The bond issuance could be forced to a Nov. 2 referendum, however, if at least 7.5 percent of eligible county voters file a petition with the county clerk within 30 days of the public notice, which was published in the Rockford Journal in the middle of August.
The issuance of debt is related to the board’s December decision to purchase the City Plaza, 555 N. Court St. in Rockford, for the building’s $775,000 market value as part of a plan to consolidate three Health Department facilities in one central location. Remodeling and upgrades to the building, much of which has already been approved by board members, will cost millions of dollars, however.
Earlier in August, McDermaid Roofing was awarded a $167,397 bid to replace the building’s roof. $245,500 for architectural services related to remodeling was awarded to Richard L. Johnson Associates, Inc., in March, followed by a $2,425,000 contract to Rockford Structures Construction for the physical work. In July, $405,464 was allocated for Trane, of Madison, Wis., to replace the four-story building’s heating and cooling systems.
Steve Schultz (R-2) and John F. Sweeney (R-14) are the only board members to have consistently voted against the expenditures, including the initial purchase of the building.
According to Mike Bacon, public health administrator, 60 percent of the purchase price would be covered by grant dollars. Property taxes and increased fees are expected to knock out the remaining 40 percent. The honoring of existing leases should be enough to cover debt service payments, officials anticipate.
Also during the Aug. 26 meeting, board members will vote whether to increase fees for the Health Department’s Environmental Division.
For a full report of the Aug. 26 meeting, see our online edition.
Zoning request involving septic to face a vote in September
In other upcoming board news, a petition to rezone approximately 10 acres at 56XX N. Main Road in Owen Township from agricultural to commercial is expected to return to the board floor Sept. 23 after having been laid over several times since July at the request of the petitioners.
The board’s Zoning Committee voted 4-3 to recommend denial of the request, despite a unanimous recommendation for approval by the Zoning Board of Appeals. The request is in conflict with the county’s 2030 land-use plan, which discourages new developments on septic systems.
Because the development is not planned for connection to public infrastructure, the City of Rockford has filed as a legal objector, which would mean the petition would require a supermajority—at least 21 of 28 votes in favor—for approval.

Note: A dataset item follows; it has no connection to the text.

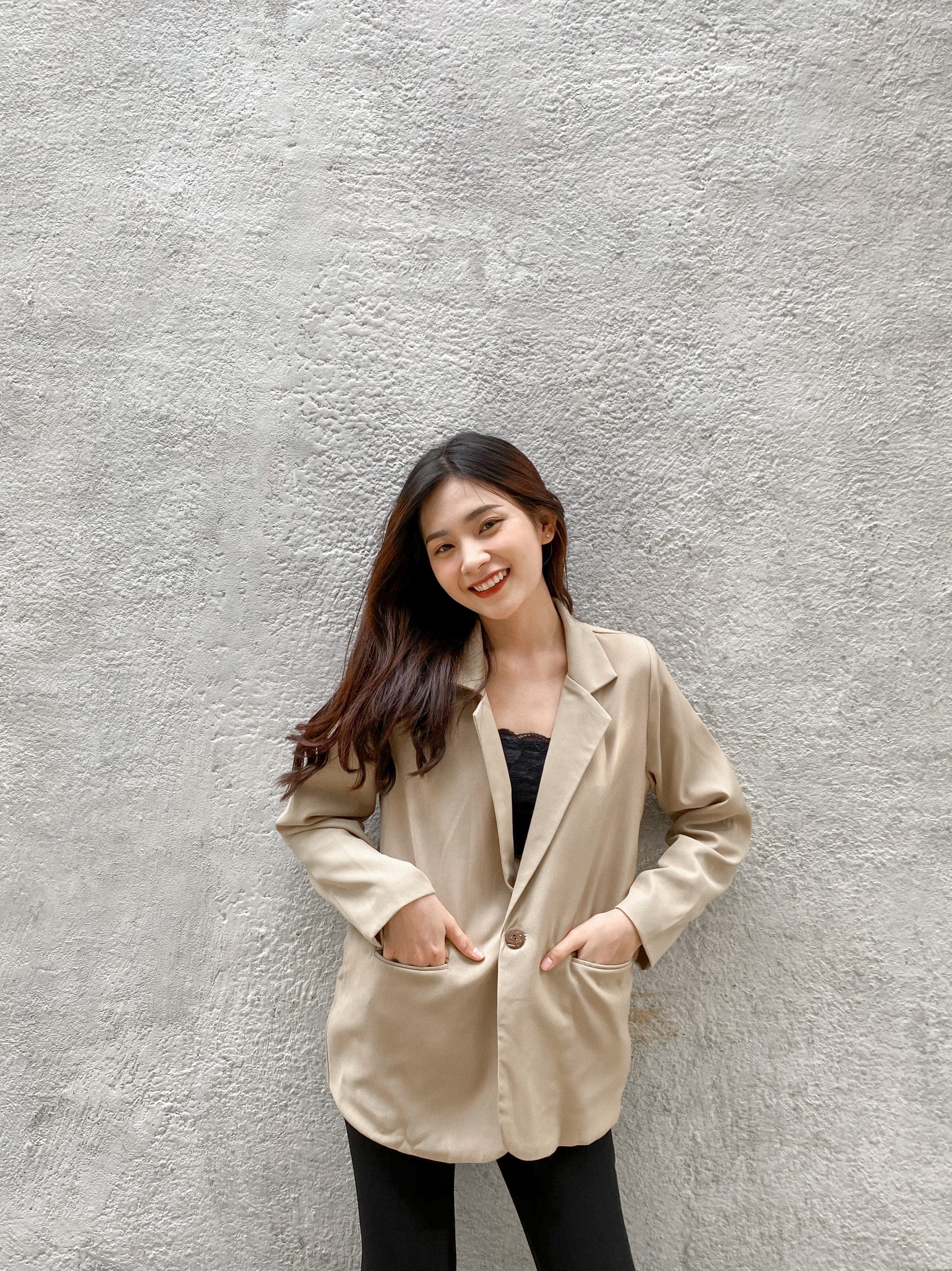 YU CHERRY | Áo khoác nữ kiểu cơ bản Basic blazer II YA401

Todd Cagnoni, deputy director of the city’s Community Development Department’s Construction & Development Services Division, explained, “This property is within the city’s future urban development [area], and we want to ensure that the property develops in a positive manner on this important gateway to our community.”
When the issue came to the board floor for a vote Aug. 12, Zoning Committee Chairman John F. Sweeney (R-14) explained he’d received a letter from the petitioner’s attorney, Barton Henbest, requesting that the matter be laid over until the Sept. 23 meeting as negotiations continue among the city and petitioner.
“We are currently in discussions with the property owner and evaluating solutions that meet both our concerns,” Cagnoni indicated, noting that, for now, the city’s objection still stands.